Journal of Geodesy and Geoinformation Science ›› 2020, Vol. 3 ›› Issue (3): 39-49.doi: 10.11947/j.JGGS.2020.0304

Previous Articles     Next Articles

A Remote Sensing Image Semantic Segmentation Method by Combining Deformable Convolution with Conditional Random Fields

Zongcheng ZUO1, Wen ZHANG2, Dongying ZHANG3   

  1. 1. School of Aeronautics and Astronautics, Shanghai Jiao Tong University, Shanghai 200240, China
    2. School of Remote Sensing and Information Engineering, Wuhan University, Wuhan 430079, China
    3. School of Hydropower and Information Engineering, Huazhong University of Science and Technology, Wuhan 430074, China
  • Received:2019-11-15 Accepted:2020-05-15 Online:2020-09-20 Published:2020-09-30
  • About author:Zongcheng ZUO (1988—), male, PhD candidate, engineer, majors in high resolution remote sensing image processing and information extraction, patterm recognition and machine learning. E-mail: jason.zuo@sjtu.edu.com
  • Supported by:
    National Key Research and Development Program of China(2017YFC0405806)

Abstract:

Currently, deep convolutional neural networks have made great progress in the field of semantic segmentation.
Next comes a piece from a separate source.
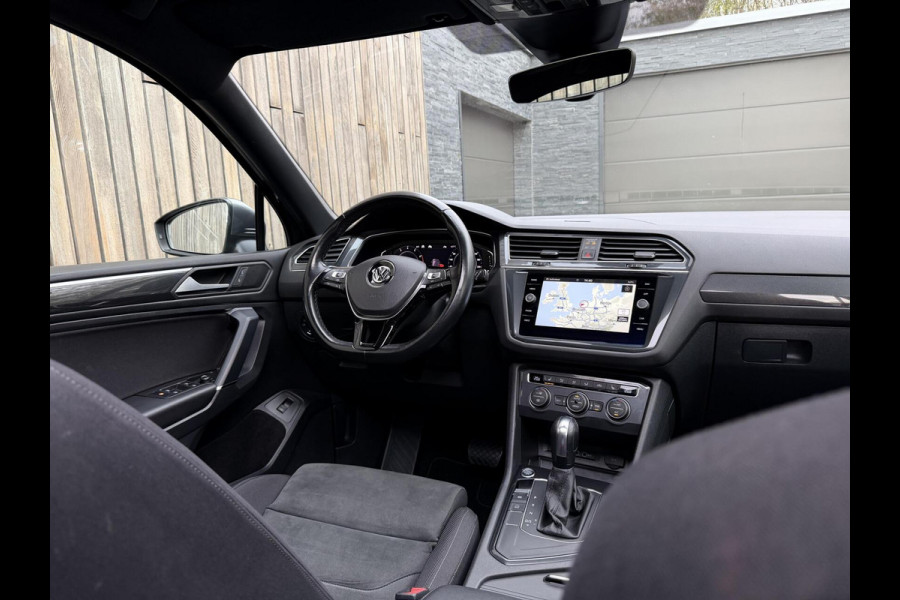 Volkswagen Tiguan Allspace 1.5 TSI R-line 7-persoons Automaat | Panoramadak | DCC Mode Selection | Stoelverwarming | LED verlichting | Spiegels elektrisch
Because of the fixed convolution kernel geometry, standard convolution neural networks have been limited the ability to simulate geometric transformations. Therefore, a deformable convolution is introduced to enhance the adaptability of convolutional networks to spatial transformation. Considering that the deep convolutional neural networks cannot adequately segment the local objects at the output layer due to using the pooling layers in neural network architecture. To overcome this shortcoming, the rough prediction segmentation results of the neural network output layer will be processed by fully connected conditional random fields to improve the ability of image segmentation. The proposed method can easily be trained by end-to-end using standard backpropagation algorithms. Finally, the proposed method is tested on the ISPRS dataset. The results show that the proposed method can effectively overcome the influence of the complex structure of the segmentation object and obtain state-of-the-art accuracy on the ISPRS Vaihingen 2D semantic labeling dataset.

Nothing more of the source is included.